In the listing that follows, give every line again exactly and omit the pictures.

-- Input data follows --

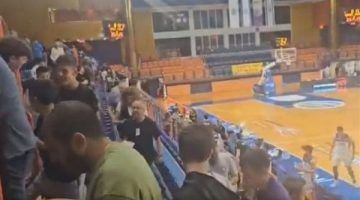 ذعر في مباراة كرة السلة.. الإسرائيليون يهربون بعد إطلاق الصواريخ بنهاريا| شاهد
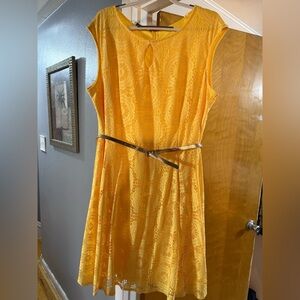 Women's London Style Collection Sleeveless Dress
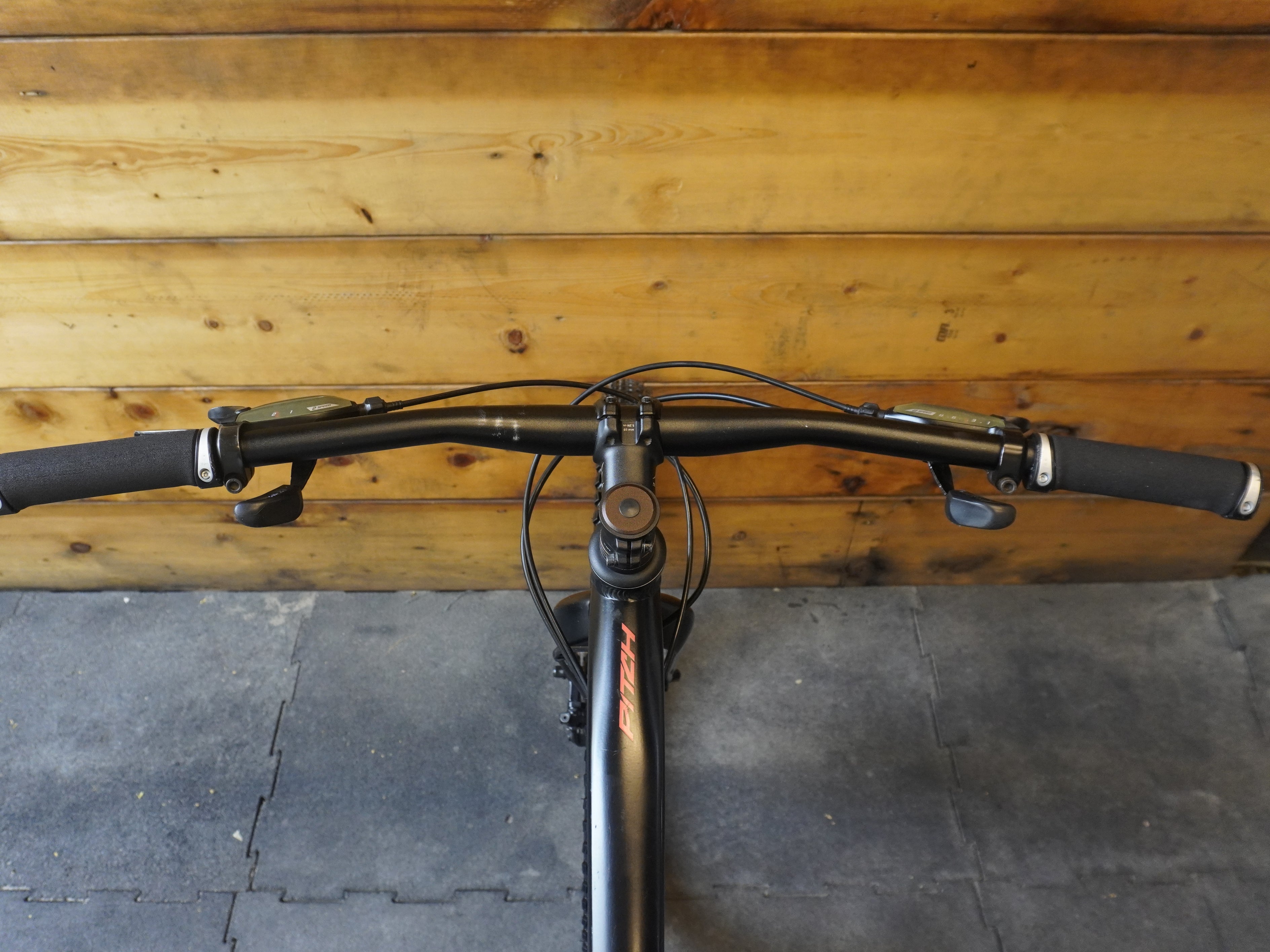 Specialized Pitch 27.5 Mountain Bike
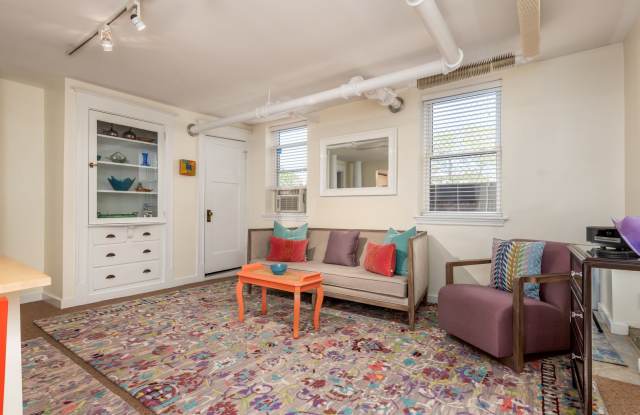 111 Sherman Street Gallery 3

-- Input data concluded --

# Reply:
 ذعر في مباراة كرة السلة.. الإسرائيليون يهربون بعد إطلاق الصواريخ بنهاريا| شاهد
 Women's London Style Collection Sleeveless Dress
 Specialized Pitch 27.5 Mountain Bike
 111 Sherman Street Gallery 3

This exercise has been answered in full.